Description
Our mission at Databricks is to simplify the data lifecycle from ingestion to ETL, BI, and all the way up to ML/AI with a unified platform.
To achieve this goal, we believe the data warehouse architecture as we know it today will be replaced by a new architectural pattern, Lakehouse, open platforms that unify data warehousing and advanced analytics.
A critical part of realizing this vision is the next generation (decoupled) query engine and structured storage system that can outperform specialized data warehouses in relational query performance, yet retain the expressiveness and of general purpose systems such as Apache Spark to support diverse workloads ranging from ETL to data science.
As part of this team, you will be working in one or more of the following areas to design and implement these next gen systems that leapfrog state-of-the-art:
- Query compilation and optimization
- Distributed query execution and scheduling
- Vectorized execution engine
- Data security
- Resource management
- Transaction coordination
- Efficient storage structures (encodings, indexes)
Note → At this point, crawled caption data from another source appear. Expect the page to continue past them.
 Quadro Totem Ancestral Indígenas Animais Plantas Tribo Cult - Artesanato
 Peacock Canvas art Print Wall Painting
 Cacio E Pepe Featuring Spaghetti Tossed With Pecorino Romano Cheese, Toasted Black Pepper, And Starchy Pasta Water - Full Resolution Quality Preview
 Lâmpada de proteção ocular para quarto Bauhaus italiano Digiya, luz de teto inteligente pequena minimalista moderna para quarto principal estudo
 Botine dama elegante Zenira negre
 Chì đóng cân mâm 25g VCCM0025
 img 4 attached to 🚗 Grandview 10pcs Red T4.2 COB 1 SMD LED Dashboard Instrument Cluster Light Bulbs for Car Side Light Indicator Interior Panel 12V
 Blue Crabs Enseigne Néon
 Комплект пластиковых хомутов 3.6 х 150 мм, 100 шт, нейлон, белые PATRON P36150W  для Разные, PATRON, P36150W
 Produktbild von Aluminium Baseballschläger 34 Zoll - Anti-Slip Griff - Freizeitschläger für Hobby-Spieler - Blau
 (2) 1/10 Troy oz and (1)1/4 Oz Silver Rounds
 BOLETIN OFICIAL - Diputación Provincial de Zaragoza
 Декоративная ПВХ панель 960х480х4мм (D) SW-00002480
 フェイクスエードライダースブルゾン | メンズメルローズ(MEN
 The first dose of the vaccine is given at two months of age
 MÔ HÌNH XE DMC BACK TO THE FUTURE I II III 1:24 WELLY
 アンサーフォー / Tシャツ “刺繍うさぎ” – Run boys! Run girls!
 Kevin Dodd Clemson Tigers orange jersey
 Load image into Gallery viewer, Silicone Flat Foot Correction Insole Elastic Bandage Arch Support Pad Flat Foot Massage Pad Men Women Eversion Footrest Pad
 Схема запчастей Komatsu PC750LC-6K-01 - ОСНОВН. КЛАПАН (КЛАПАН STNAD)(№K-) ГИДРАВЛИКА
- Automatic physical data optimization
We look for individuals with a passion for database systems, storage systems, distributed systems, language design, or performance optimization. You should have experience working towards a multi-year vision with incremental deliverables, motivated by delivering customer value and impact.
The pay range for this role is $192,000-$260,000 USD, and the total compensation package may also include eligibility for annual performance bonus, equity, and benefits.